I have second pick after the breeder (who has already selected a dog to keep for his breeding program). I have been leaning toward the puppy who is the most outgoing, the highest energy, who hits all the developmental milestones first. The breeder has nicknamed him "Mr Happy."
There are two other puppies that I love. BUT, these dogs are a brown brindle right now, and the breeder says they will become a sandy beige color over time. So it sounds like they have a diluting gene as well. Are all dogs that have the diluting gene at risk for health problems, or just the blues?

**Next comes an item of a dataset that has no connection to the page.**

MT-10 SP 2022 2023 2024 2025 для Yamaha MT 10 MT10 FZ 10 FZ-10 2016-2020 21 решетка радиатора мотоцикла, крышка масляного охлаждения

Looking at this page's explanation (below), it looks like I'm choosing between a puppy that is a [dd] with a [B] and puppies that are [dd] with [bb].
Genetics - D locus
Also, any thoughts about picking the highest energy/most outgoing dog from the litter? I like this about him, but I'm not sure if I'd be setting myself up with a little hellion.
I don't know the breed well enough-- this will be my first Havanese. In the past I've had border collies, and I would have never picked the highest energy border collie from the litter!
Thanks for your thoughts!
We really do not have a dilute gene in Havanese, and a blue puppy would be a DEFINITEY DQ. It has happened a VERY few times, but it is EXTREMELY rare, and the breeders who have produced blue, have been very careful to remove it from their gene pool. Chocolate is not a dilute. (I assume that's what you mean by "brown"? (we do not use that as a color term in Havanese)
Brindle is a different gene that can be overlayed on any base color, including chocolate, I guess, though I don't think that is common. It would be hard to see, because brindle looks like "tiger stripes of black and tan or black and brown (like on a Whippet or Greyhound) on a young Havanese puppy, before their hair gets too long and hides the striping. I'm not sure how you'd see that on a chocolate, that by definition has no black hair or pigment.
But I have found that many Havanese breeders you the term "brindle" inappropriately for sables with dark masks rather than true brindles. So if that is what the breeder means, it is CERTAINLY possible to have a chocolate sable. How much a sable (chocolate or not) will fade) depends a lot on the bloodlines. Some stay dark, some stay dark and silvery, but lose the reddish undertones, most fade to a cream or whitish color, with just a bit of coloring on the tips of their hair. Once they reach this phase, you can only tell a chocolate sable from a "regular" sable by the color of their pigment and eyes. A non-chocolate sable will have black lips, nose and eye rims, and very dark eyes. A chocolate sable will have chocolate eye rims, nose and lips, and slightly lighter eyes.
In any case, I have not heard the even the very rare dilutes (blues) that have shown up have had any health problems, but if you think there is ANY chance that this puppy is a true dilute, and not just a chocolate, you should discuss this with the breeder. There have also been just a COUPLE of merles that have shown up in the breed, and it is thought that they were new mutations. Fortunately, because they would also be a DQ, no attempt has made by any reputable breeder to purposely produce merles. So we don't know whether there are health concerns related to that color as there are in many breeds.
The bottom line, though, is there are SO many acceptable colors and modifiers in Havanese that we already kind of have the "rainbow" breed. There really is no need to add more colors!